--- Data in this exercise Enclosed Below ---

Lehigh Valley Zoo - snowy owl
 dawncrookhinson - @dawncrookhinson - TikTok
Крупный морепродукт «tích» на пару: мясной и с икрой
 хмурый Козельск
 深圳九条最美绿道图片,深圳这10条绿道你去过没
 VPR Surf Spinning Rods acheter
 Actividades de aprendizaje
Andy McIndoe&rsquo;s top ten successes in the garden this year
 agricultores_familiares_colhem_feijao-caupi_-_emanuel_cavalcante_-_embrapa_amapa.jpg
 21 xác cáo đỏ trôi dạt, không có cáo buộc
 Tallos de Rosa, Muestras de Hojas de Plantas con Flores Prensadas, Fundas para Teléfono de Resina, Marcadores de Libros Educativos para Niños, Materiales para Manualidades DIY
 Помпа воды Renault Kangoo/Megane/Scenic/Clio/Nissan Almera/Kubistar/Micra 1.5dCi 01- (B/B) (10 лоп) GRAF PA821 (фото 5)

--- End of Enclosed Data in this exercise ---

What you should do — Write the records out once more. Change nothing.

Exercise response —
Lehigh Valley Zoo - snowy owl
 dawncrookhinson - @dawncrookhinson - TikTok
Крупный морепродукт «tích» на пару: мясной и с икрой
 хмурый Козельск
 深圳九条最美绿道图片,深圳这10条绿道你去过没
 VPR Surf Spinning Rods acheter
 Actividades de aprendizaje
Andy McIndoe&rsquo;s top ten successes in the garden this year
 agricultores_familiares_colhem_feijao-caupi_-_emanuel_cavalcante_-_embrapa_amapa.jpg
 21 xác cáo đỏ trôi dạt, không có cáo buộc
 Tallos de Rosa, Muestras de Hojas de Plantas con Flores Prensadas, Fundas para Teléfono de Resina, Marcadores de Libros Educativos para Niños, Materiales para Manualidades DIY
 Помпа воды Renault Kangoo/Megane/Scenic/Clio/Nissan Almera/Kubistar/Micra 1.5dCi 01- (B/B) (10 лоп) GRAF PA821 (фото 5)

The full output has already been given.